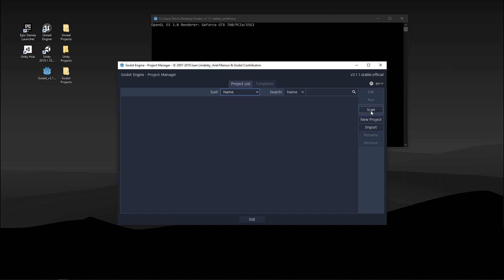Scan will scan through your project as it says, and then what we'll be doing soon is new project. Import if someone shares a project with you or if you find a project elsewhere you can import it, and then of course we have rename or remove.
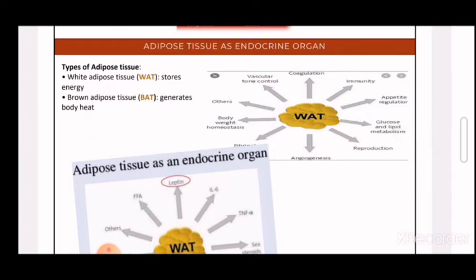Adipose tissue is an endocrine organ since it produces hormones. There are two types of adipose tissue: white and brown. White adipose tissue is responsible for storing energy as fats, while brown adipose tissue provides body heat by using fats to generate heat, keeping the body warm.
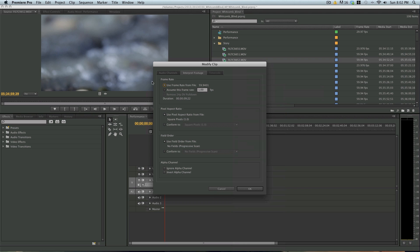In here you'll see frame rate box. It's set for using frame rate from file, which this frame rate is 59.94, which is essentially 60.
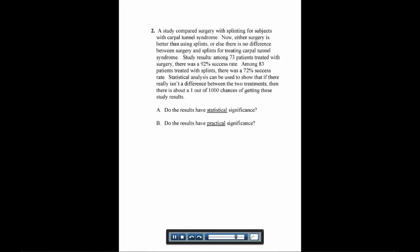We have another similar question. A study compared surgery with splinting for subjects with carpal tunnel syndrome. Either you had surgery to correct it, or you just splinted your wrist. Either surgery is better than using splints, or there's no difference.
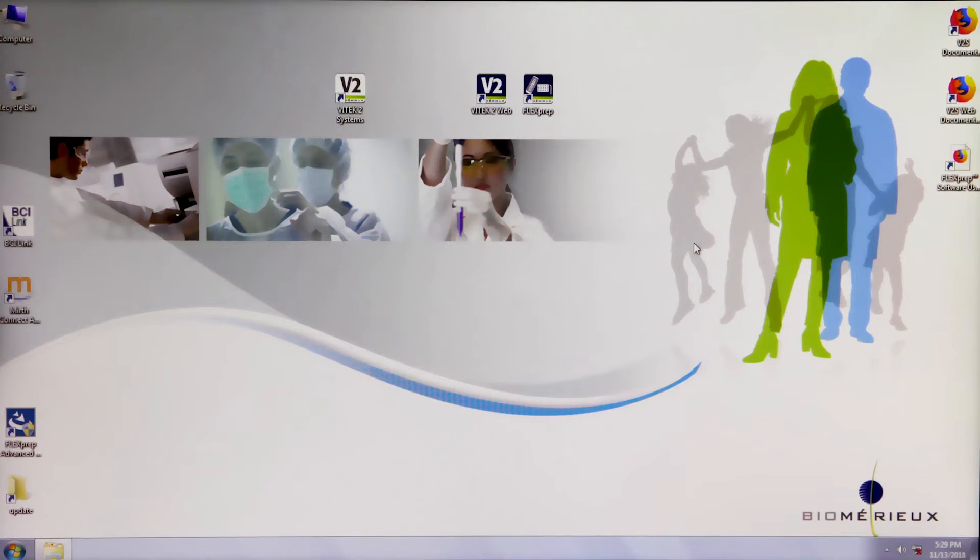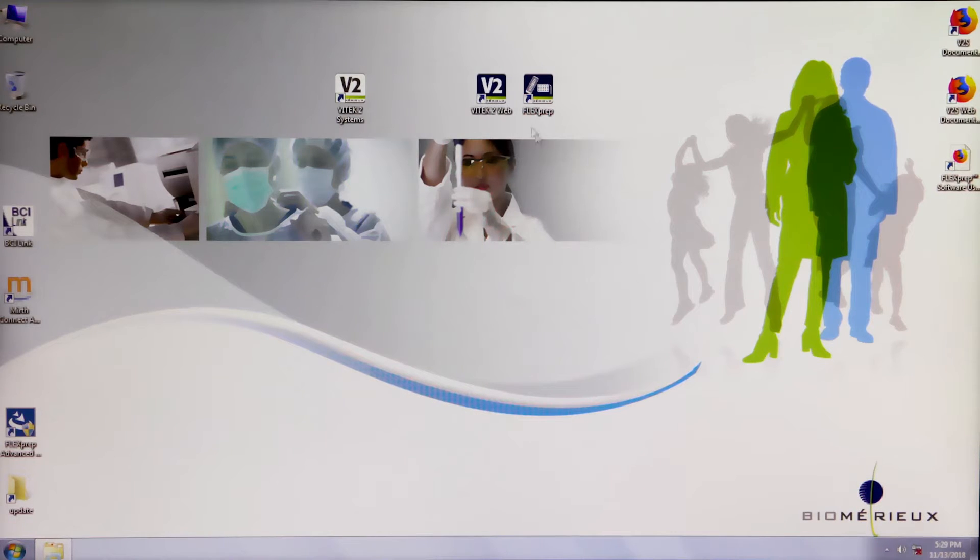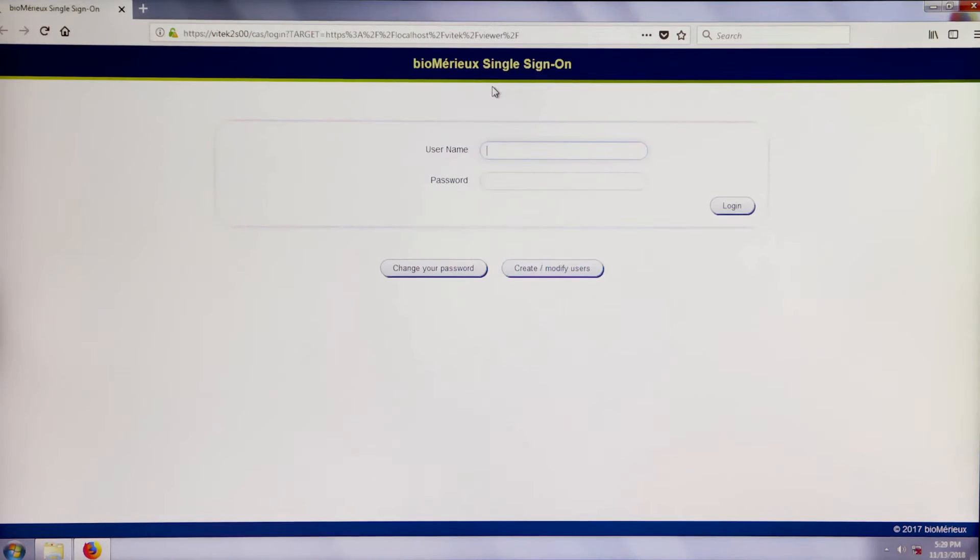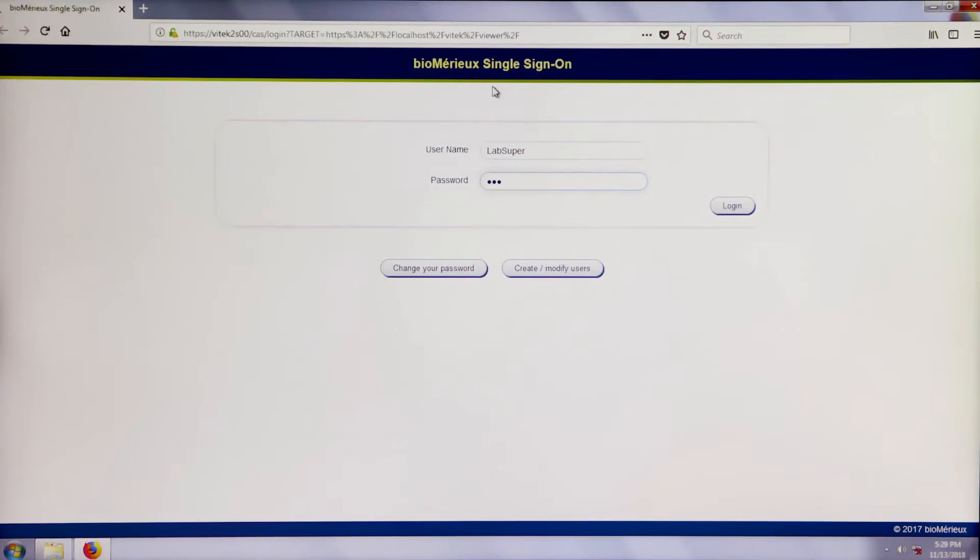To add a new AST card type to the Vitek2 system software, perform these steps. Log into the Vitek2 web application by double-clicking the Vitek2 web icon on the computer desktop.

## [EXERCISE REQUIREMENTS]
I'd like the data above duplicated exactly, with no pictures included.

## [REPLY TO THE TASK]
Scan will scan through your project as it says, and then what we'll be doing soon is new project. Import if someone shares a project with you or if you find a project elsewhere you can import it, and then of course we have rename or remove.
Adipose tissue is an endocrine organ since it produces hormones. There are two types of adipose tissue: white and brown. White adipose tissue is responsible for storing energy as fats, while brown adipose tissue provides body heat by using fats to generate heat, keeping the body warm.
In here you'll see frame rate box. It's set for using frame rate from file, which this frame rate is 59.94, which is essentially 60.
We have another similar question. A study compared surgery with splinting for subjects with carpal tunnel syndrome. Either you had surgery to correct it, or you just splinted your wrist. Either surgery is better than using splints, or there's no difference.
To add a new AST card type to the Vitek2 system software, perform these steps. Log into the Vitek2 web application by double-clicking the Vitek2 web icon on the computer desktop.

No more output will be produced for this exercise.